> _EXERCISE OBJECTIVE_:
Locate the line that contains "วัดพระธรรมกายแคนซัส จัดกิจกรรม Full". Print it and every subsequent line through the final line of the records, exactly and only those.

MATERIAL SHOWN below:

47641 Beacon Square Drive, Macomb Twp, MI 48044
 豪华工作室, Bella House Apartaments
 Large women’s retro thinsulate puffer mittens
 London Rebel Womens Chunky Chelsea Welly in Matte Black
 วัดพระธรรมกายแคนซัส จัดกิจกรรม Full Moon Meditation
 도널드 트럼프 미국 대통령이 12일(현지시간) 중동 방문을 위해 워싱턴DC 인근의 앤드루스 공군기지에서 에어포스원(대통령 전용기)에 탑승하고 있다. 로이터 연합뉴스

End of MATERIAL SHOWN.

> _ANSWER TO THIS EXERCISE_:
 วัดพระธรรมกายแคนซัส จัดกิจกรรม Full Moon Meditation
 도널드 트럼프 미국 대통령이 12일(현지시간) 중동 방문을 위해 워싱턴DC 인근의 앤드루스 공군기지에서 에어포스원(대통령 전용기)에 탑승하고 있다. 로이터 연합뉴스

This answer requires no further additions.